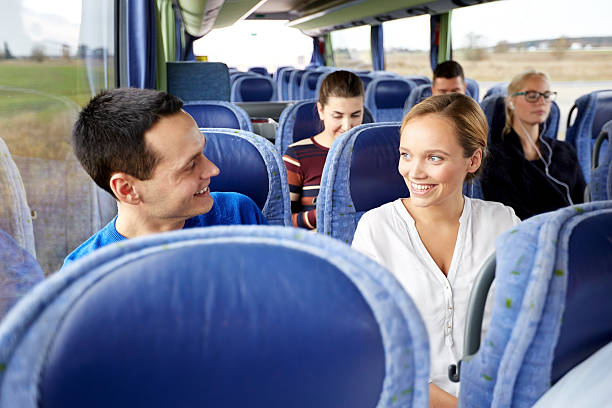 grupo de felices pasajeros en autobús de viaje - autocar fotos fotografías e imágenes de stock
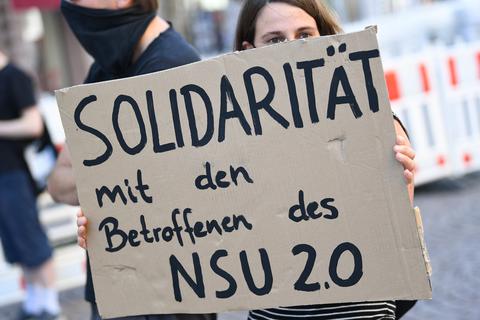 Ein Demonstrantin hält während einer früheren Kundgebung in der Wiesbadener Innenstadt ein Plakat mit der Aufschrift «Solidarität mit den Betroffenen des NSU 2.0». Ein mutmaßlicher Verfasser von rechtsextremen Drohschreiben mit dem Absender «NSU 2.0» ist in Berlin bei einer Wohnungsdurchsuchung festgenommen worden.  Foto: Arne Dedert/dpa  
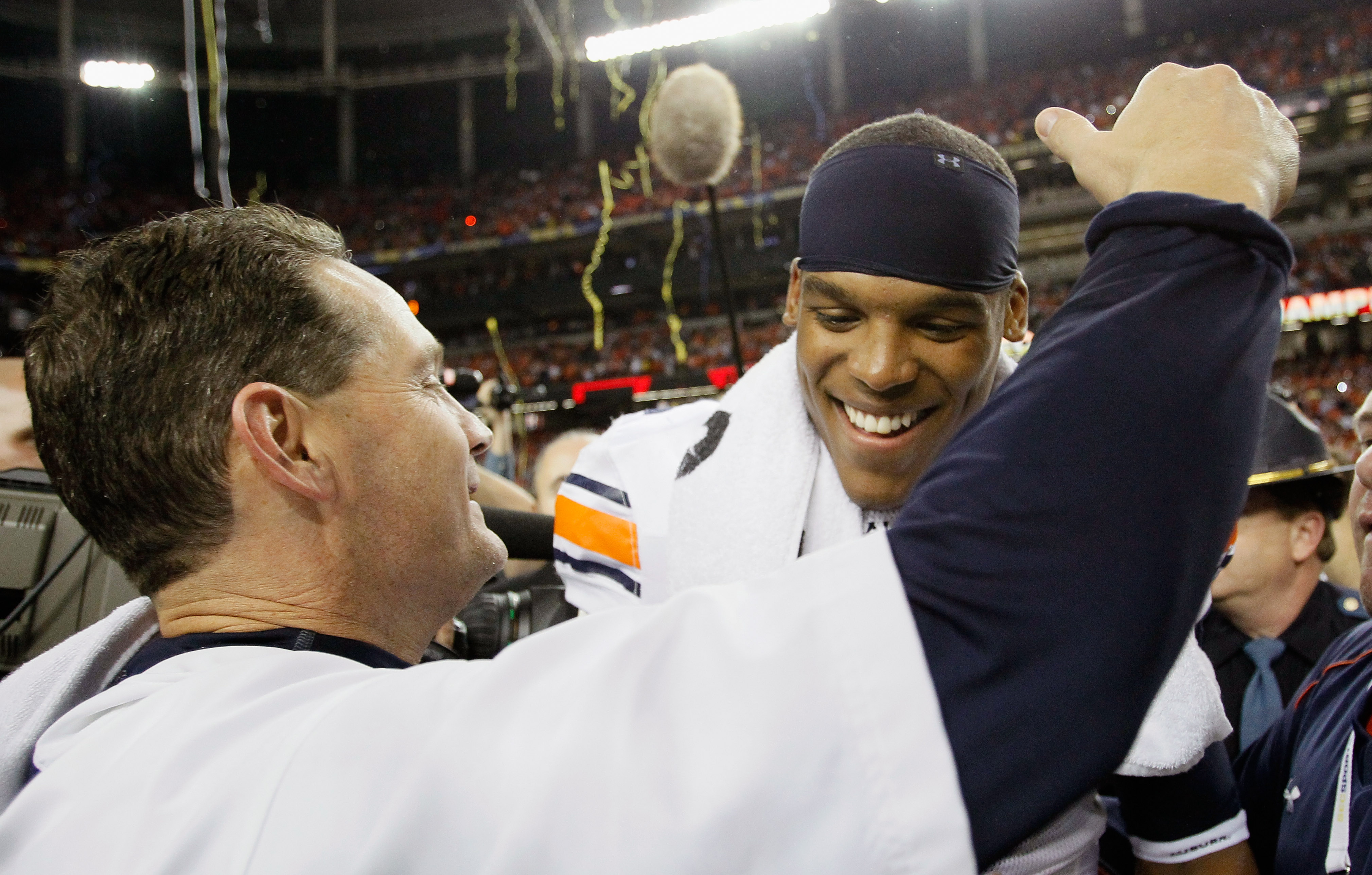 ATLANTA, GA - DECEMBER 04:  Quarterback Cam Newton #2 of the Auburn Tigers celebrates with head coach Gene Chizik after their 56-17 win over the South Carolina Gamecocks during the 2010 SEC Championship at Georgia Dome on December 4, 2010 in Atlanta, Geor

▶ **Assignment**:
Print the listing exactly, pictures excluded.

▶ **Task answer**:
 grupo de felices pasajeros en autobús de viaje - autocar fotos fotografías e imágenes de stock
 Ein Demonstrantin hält während einer früheren Kundgebung in der Wiesbadener Innenstadt ein Plakat mit der Aufschrift «Solidarität mit den Betroffenen des NSU 2.0». Ein mutmaßlicher Verfasser von rechtsextremen Drohschreiben mit dem Absender «NSU 2.0» ist in Berlin bei einer Wohnungsdurchsuchung festgenommen worden.  Foto: Arne Dedert/dpa  
 ATLANTA, GA - DECEMBER 04:  Quarterback Cam Newton #2 of the Auburn Tigers celebrates with head coach Gene Chizik after their 56-17 win over the South Carolina Gamecocks during the 2010 SEC Championship at Georgia Dome on December 4, 2010 in Atlanta, Geor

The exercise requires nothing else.